Ewa kept her temper by some miraculous effort. “I had no intention to talk about Richard. It’s your brother. He’s back in Cracow, and I met him this morning.”
“So?”
“He wants to know if he can come stay with you for a while.”
“Tell him no. I’m sharing the room with someone else. Why can’t he stay at your place? You have two bedrooms.”
Ewa could weep in frustration. “You know how difficult it is to come and go at my place. For the last two days a German patrol has been stationed at the end of the street. I can’t have him there.”
“Why not? It’s not like it’s the first time you had men over.”

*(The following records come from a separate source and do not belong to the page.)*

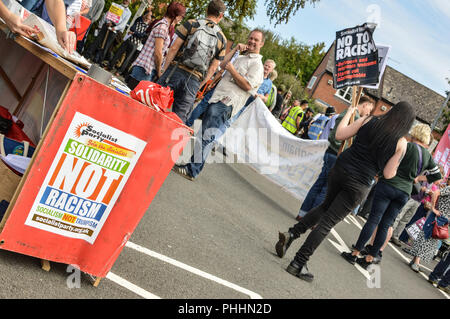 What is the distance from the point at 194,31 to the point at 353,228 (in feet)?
21.0

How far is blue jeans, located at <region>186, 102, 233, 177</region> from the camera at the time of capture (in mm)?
7004

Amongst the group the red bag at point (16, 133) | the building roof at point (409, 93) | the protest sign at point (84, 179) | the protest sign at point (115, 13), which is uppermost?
the building roof at point (409, 93)

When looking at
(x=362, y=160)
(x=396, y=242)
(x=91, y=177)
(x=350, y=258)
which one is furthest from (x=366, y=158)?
(x=396, y=242)

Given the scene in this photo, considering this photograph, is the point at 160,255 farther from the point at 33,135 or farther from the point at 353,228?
the point at 353,228

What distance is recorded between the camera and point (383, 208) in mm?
7062

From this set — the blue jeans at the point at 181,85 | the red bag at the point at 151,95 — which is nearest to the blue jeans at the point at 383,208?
the blue jeans at the point at 181,85

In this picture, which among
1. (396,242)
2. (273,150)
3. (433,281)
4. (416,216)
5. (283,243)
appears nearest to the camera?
(283,243)

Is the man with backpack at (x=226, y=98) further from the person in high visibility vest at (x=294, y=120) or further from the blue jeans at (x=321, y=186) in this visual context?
the person in high visibility vest at (x=294, y=120)

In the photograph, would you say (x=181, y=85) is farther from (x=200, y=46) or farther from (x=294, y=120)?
(x=294, y=120)

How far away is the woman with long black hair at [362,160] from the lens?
5.05 metres

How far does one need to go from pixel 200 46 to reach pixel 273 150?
179 inches

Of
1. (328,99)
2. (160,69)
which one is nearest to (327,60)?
(328,99)

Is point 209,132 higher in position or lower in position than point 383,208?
lower

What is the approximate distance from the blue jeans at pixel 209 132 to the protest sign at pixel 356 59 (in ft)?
5.54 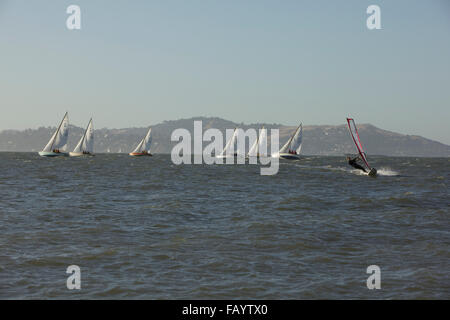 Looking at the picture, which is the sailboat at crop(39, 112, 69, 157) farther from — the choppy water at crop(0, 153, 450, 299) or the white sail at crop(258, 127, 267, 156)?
the choppy water at crop(0, 153, 450, 299)

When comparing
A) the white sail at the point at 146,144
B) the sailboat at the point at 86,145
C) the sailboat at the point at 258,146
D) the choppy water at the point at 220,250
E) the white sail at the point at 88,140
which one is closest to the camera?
the choppy water at the point at 220,250

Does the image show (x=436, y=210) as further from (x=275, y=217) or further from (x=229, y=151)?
(x=229, y=151)

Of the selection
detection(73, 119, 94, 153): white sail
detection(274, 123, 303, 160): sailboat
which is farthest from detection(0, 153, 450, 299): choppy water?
detection(73, 119, 94, 153): white sail

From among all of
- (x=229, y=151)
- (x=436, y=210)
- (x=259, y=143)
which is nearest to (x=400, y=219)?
(x=436, y=210)

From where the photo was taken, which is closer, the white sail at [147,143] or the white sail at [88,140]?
the white sail at [88,140]

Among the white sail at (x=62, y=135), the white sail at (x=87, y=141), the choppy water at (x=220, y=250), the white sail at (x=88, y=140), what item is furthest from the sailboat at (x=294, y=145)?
the choppy water at (x=220, y=250)

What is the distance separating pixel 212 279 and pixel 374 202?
23159 mm

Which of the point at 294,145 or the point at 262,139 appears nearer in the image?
the point at 294,145

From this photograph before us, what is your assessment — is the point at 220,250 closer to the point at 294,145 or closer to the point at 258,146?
the point at 294,145

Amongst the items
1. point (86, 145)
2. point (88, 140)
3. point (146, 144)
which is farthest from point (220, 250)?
point (146, 144)

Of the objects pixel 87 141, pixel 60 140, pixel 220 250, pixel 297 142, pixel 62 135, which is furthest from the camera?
pixel 87 141

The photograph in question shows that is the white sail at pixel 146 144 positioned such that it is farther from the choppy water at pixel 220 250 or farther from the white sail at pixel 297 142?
the choppy water at pixel 220 250

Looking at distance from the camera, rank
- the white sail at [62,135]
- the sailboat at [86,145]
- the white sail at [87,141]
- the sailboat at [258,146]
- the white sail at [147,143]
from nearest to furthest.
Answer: the white sail at [62,135] < the white sail at [87,141] < the sailboat at [86,145] < the sailboat at [258,146] < the white sail at [147,143]

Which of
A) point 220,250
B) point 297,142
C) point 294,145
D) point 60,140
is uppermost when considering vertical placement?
point 60,140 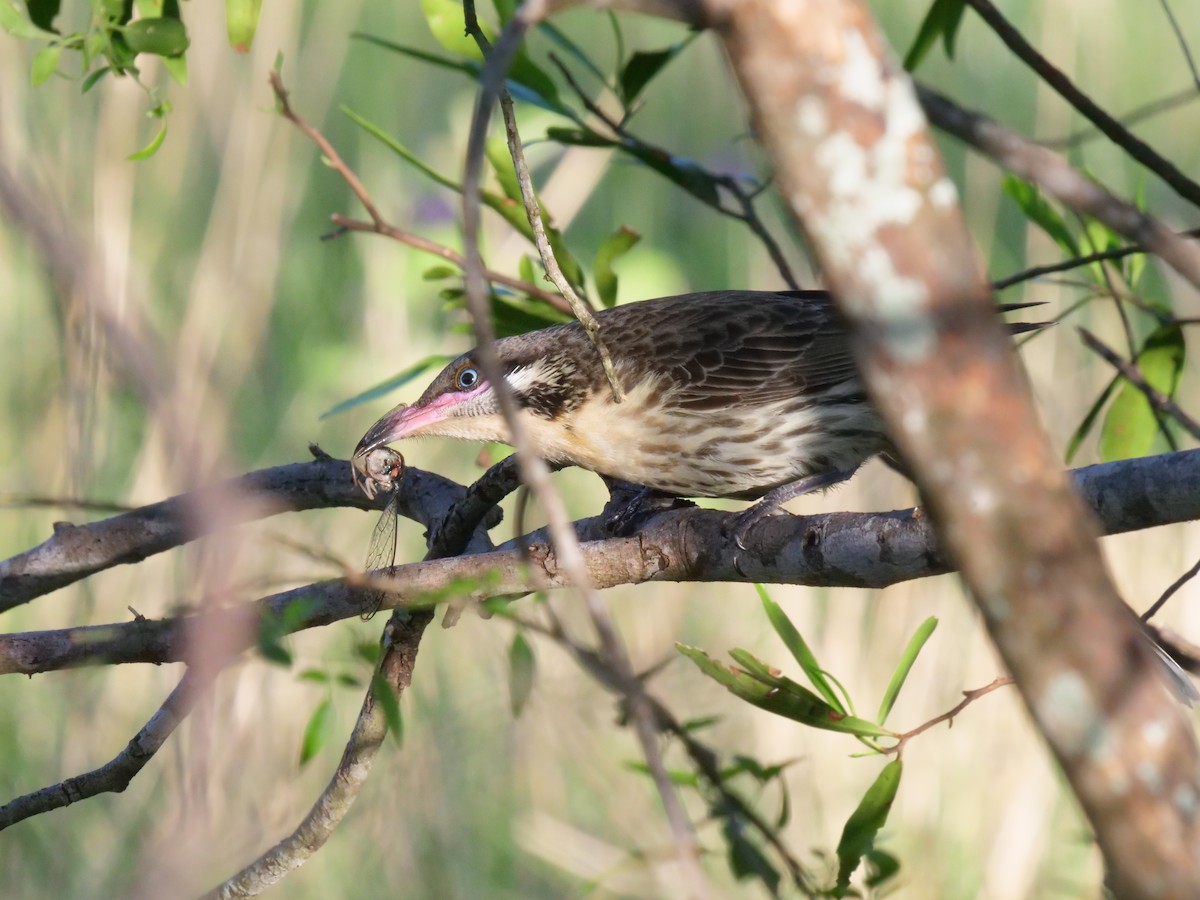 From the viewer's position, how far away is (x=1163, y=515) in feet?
5.34

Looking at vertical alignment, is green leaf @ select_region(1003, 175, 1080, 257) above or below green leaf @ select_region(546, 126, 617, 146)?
below

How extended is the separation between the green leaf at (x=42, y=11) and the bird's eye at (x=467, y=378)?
125 centimetres

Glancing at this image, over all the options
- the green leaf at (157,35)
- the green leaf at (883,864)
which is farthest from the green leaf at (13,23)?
the green leaf at (883,864)

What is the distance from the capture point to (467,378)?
3.38 meters

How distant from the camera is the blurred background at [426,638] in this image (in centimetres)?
415

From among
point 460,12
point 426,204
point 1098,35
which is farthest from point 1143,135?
point 460,12

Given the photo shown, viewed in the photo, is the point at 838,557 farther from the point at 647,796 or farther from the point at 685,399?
the point at 647,796

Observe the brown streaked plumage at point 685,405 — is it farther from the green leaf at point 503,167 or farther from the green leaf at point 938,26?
the green leaf at point 938,26

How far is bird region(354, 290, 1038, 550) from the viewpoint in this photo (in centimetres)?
322

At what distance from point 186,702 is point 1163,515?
1623 millimetres

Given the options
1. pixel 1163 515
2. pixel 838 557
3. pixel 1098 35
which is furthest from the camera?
pixel 1098 35

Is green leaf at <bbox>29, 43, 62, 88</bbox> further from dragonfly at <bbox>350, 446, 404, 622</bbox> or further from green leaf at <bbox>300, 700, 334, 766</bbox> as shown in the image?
green leaf at <bbox>300, 700, 334, 766</bbox>

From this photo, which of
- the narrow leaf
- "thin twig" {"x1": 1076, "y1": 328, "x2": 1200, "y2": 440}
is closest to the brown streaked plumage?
"thin twig" {"x1": 1076, "y1": 328, "x2": 1200, "y2": 440}

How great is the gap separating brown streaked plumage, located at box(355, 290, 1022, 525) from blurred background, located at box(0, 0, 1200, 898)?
358 millimetres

The temptation to strike back choked her, but Ewa managed again. She said, swallowing her pride, “He says he killed somebody.”
The clanking arrival of the tramway under a small shower of sparks kept them from continuing the conversation. Helenka cl
imbed on first. When Ewa followed, she saw that her daughter had chosen the seat closest to the conductor, making it impossible for her to speak in private.

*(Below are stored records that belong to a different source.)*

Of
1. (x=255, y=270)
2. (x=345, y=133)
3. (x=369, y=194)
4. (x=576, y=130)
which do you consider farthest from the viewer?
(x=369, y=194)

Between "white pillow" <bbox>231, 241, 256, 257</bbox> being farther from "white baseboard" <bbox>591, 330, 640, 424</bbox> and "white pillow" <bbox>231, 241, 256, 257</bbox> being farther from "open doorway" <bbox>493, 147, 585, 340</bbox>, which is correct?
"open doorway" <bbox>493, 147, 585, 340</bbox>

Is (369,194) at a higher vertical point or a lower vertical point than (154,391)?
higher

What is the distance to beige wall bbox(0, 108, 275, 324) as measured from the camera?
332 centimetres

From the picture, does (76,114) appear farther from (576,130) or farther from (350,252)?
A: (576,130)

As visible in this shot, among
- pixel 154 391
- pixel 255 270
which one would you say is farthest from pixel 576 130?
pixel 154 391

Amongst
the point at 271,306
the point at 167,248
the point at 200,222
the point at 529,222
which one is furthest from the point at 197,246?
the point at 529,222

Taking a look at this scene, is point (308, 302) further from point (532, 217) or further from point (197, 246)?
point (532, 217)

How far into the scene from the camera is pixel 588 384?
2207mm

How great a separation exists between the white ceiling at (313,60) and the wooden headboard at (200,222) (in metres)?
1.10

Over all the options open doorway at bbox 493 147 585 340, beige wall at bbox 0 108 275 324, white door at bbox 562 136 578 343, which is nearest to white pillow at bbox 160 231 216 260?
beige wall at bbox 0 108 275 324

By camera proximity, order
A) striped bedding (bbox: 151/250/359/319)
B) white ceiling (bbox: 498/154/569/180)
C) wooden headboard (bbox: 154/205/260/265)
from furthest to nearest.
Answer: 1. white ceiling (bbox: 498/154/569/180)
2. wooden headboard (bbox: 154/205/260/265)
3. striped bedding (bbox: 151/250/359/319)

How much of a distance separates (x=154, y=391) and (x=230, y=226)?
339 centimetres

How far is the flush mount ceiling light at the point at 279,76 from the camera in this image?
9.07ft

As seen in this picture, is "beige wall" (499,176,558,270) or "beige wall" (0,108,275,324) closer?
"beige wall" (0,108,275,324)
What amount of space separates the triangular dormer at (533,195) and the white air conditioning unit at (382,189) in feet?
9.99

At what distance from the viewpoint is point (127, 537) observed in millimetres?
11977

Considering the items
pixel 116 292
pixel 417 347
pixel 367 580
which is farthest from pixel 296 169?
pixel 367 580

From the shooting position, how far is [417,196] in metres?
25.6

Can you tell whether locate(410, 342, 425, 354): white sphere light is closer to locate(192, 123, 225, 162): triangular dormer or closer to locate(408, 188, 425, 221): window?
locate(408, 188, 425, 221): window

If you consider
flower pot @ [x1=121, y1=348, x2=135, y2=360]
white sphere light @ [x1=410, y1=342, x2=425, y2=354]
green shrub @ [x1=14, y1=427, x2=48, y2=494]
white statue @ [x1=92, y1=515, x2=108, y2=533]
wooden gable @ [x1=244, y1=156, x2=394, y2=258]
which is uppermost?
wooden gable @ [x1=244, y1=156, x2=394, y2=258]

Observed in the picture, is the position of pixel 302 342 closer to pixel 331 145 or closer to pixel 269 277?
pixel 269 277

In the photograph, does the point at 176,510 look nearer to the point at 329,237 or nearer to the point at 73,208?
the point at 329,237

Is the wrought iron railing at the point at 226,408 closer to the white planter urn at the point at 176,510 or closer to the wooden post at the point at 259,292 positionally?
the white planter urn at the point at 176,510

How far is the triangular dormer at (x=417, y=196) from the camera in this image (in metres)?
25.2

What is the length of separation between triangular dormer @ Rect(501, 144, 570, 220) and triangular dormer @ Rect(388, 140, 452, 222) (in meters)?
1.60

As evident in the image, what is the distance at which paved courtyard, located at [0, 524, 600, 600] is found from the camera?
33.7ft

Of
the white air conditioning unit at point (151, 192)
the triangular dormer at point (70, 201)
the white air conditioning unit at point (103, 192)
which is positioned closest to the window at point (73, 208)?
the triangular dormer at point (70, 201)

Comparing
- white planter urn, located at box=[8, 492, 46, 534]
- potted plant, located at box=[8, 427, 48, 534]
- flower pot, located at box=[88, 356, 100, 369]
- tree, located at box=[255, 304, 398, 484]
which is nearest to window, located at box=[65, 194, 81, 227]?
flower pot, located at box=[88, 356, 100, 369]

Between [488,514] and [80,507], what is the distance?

On Karmelicka, Pana Klara tiptoed to the hallway at the head of the stairs to listen unseen, just in case Father Malecki was being abused by his German visitor. Through the partly open door, she didn’t hear the priest talk. The other voice spoke steadily to him, not in anger, posing earnest questions as it seemed.
Now Malecki was certain that Bora kept from him a much larger issue. Bora’s steadiness of voice and composure were not artificial, but layered too accurately not to betray the effort of the process. “So,” Malecki said, “your colleague’s death troubles you. From all you’ve told me, I don’t gather that you mourn his passing, even though the mode of it should.”
Bora stretched his legs in a first sign of relaxation. “The mode of it does, Father. There are some things, some small things - details. They keep me awake at night, when I didn’t even care for him. A towel is missing from the house, the blade was left in his razor when he had a fetish against doing so. As you heard tonight, my colleague had as good a reason to be despondent as I can envision, still it troubles me. It’s a clear case of suicide, there were no marks of violence on the body, no indication of forced entry into the house. All the women who were involved with him have impeccable alibis. It troubles me, that’s all.”
Malecki clasped his hands slackly. “Perhaps you resent a lifestyle your education kept you from sharing.”
“It’s true, I did. I’m ashamed to say there were nights when I envied him.”
“What troubles you then may be your own resentment, not your colleague’s death. Moral men cannot escape desiring what they deny themselves. I for one am ready to make all kinds of allowances for their disgruntlement.”
Bora let go a little more, enough to toss his cap on Malecki’s bed. Talking about other things helped somewhat. It numbed the anguish without removing it, which meant it would return later, when he would be alone.